== Source records
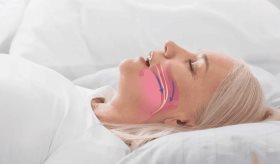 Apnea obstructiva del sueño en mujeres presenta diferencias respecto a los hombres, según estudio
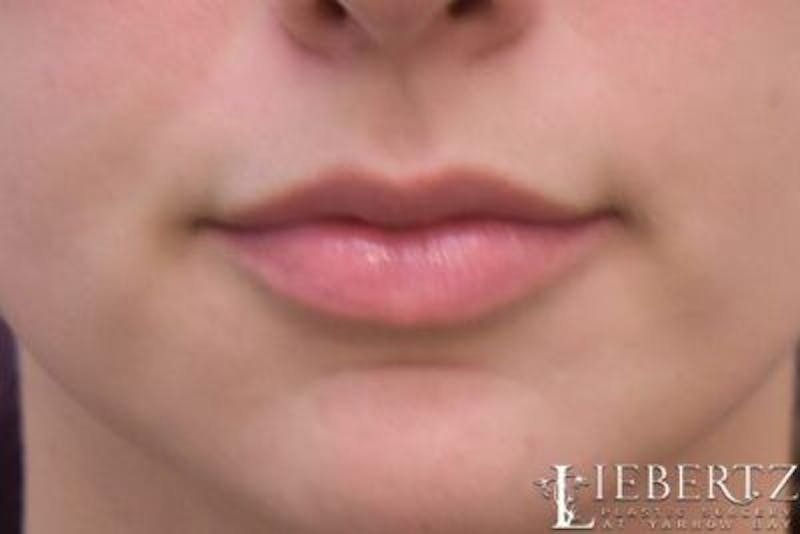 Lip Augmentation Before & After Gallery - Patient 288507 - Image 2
====
== Source records
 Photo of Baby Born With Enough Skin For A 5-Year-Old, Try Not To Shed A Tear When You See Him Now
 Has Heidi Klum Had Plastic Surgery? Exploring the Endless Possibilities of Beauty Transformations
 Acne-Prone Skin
====
== Source records
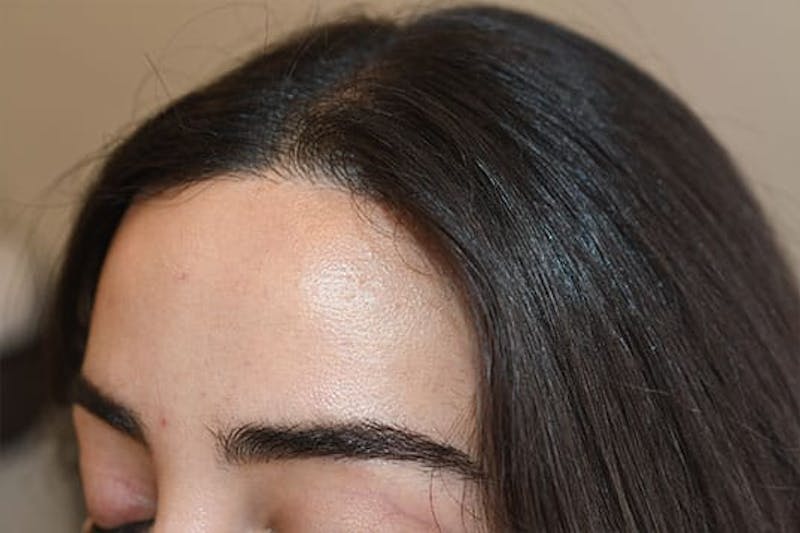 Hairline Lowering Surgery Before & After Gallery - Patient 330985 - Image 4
====
Instructions to follow: Select every line of the material above holding the word "Skin" and copy it.

Answer to the problem:
 Photo of Baby Born With Enough Skin For A 5-Year-Old, Try Not To Shed A Tear When You See Him Now
 Acne-Prone Skin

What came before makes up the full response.